HALKIN SESİ’nin, Lefkoşa Sanayi Bölgesi’nde görüştüğü çocuk işçiler, boya kaplamış giysileri içinde, gülen gözlerlerle okul harçlıklarını çıkartarak, ailelerine yük olmamaya çalışıyordu

O çocuklardan biri de gelecekte iyi bir makinist olmayı hedefleyen Hasan’dı. Yaşam mücadelesiyle çok erken tanışan ve bilgisayar önünde vakit geçirmeyi sevmediğini dile getiren Hasan, şimdiden, bir arabaya servis yapabilecek, yağını değişebilecek, balatalarını söküp takabilecek bilgi ve deneyime sahip olduğunu gururla anlatıyor

Fehime ALASYA

Ulu Önder Atatürk’ün tüm dünya çocuklarına armağan ettiği 23 Nisan Ulusal Egemenlik ve Çocuk Bayramı, çocuklar tarafından neşe içinde coşkuyla kutlanırken, bazı çocuklar akranları kadar şanlı değildi.

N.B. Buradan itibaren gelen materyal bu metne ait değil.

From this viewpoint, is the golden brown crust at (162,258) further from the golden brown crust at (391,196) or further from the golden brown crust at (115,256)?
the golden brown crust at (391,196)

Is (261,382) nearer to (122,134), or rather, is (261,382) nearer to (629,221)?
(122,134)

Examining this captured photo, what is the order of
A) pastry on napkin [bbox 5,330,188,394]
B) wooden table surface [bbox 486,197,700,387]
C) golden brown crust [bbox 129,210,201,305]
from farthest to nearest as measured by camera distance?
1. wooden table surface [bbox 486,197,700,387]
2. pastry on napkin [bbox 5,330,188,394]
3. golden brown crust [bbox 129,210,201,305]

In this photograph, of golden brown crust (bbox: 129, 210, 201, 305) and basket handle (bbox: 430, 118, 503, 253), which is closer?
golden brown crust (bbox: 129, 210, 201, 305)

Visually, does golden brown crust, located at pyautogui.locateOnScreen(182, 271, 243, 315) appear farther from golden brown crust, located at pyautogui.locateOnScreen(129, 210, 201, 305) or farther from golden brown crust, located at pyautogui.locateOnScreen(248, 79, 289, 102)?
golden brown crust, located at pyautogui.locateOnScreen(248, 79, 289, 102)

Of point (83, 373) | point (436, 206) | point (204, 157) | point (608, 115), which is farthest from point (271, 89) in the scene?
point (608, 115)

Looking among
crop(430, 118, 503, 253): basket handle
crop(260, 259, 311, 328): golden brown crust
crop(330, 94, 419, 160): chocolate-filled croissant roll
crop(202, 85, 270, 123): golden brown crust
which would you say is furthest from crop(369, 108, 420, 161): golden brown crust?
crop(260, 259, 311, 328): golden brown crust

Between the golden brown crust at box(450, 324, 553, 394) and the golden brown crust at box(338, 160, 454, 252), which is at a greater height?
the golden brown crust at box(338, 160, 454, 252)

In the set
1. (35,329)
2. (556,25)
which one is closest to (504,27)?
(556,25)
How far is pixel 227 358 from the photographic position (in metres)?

Ülkemizde, 23 Nisan törenleri, olumsuz hava koşulları nedeniyle bazı bölgelerde spor salonlarında gerçekleştirildi.

Aylardır telaşla hazırladıkları gösterilerini ailelerine sergileyen çocuklar, gün boyunca birbirinden renkli etkinliklerle eğlenme fırsatı yakaladılar.

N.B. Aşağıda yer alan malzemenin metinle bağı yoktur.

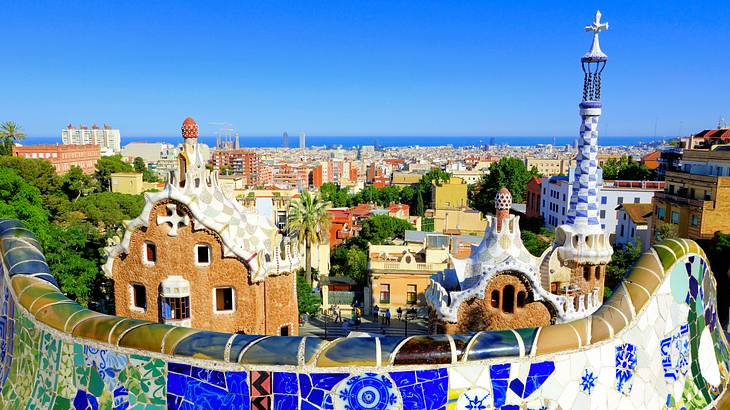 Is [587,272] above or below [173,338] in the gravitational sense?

Ancak, “arka sokaklarda” eğlencenin yerine “çalışan”, eve ekmek götürme derdinde olan çocuklar da vardı dün...

Onlar  “bayramı kutlamak” yerine, çalışmayı tercih etmemişlerdi belki ama küçücük elleriyle hayat kavgasıyla çoktan tanışmışlardı...

Kimilerinin ellerinde alet hırdavatlar, kimilerinin ellerinde tartılar, eve ekmek götürme telaşındaydılar…

Yaşıtları bayram coşkusu yaşayıp, tatilin keyfini yaşarken, hayat mücadelesine erken atılıp, hayatın yükünü omuzlamaya şimdiden başlayan bazı çocuklar, bayramdan uzak gün geçirmelerine rağmen büyüklerine ders verir nitelikte hayata pozitif bakıyor.

HALKIN SESİ’nin, Lefkoşa Sanayi Bölgesi’nde görüştüğü çocuk işçiler, boya kaplamış giysileri içinde, gülen gözlerlerle okul harçlıklarını çıkartarak, ailelerine yük olmamaya çalışıyor.

OKUL HARÇLIĞINI ÇIKARIYOR

O çocuklardan biri de gelecekte iyi bir makinist olmayı hedefleyen Hasan’dı. Hasan’ın yağlı elleri, yaşam mücadelesiyle çok erken tanıştığını anlatırken, sözleri, adeta birçok gence yaşam dersi verir nitelikte.

Lefkoşa’da bir ortaokul öğrencisi olan Hasan K., hafta sonlarını çalışarak geçiriyor ve okul harçlığını çıkarıyor.

Ev hanımı bir annenin ve hamallık yapan bir babanın oğlu olan 15 yaşındaki Hasan’ın, kendisinden küçük iki kardeşi daha var.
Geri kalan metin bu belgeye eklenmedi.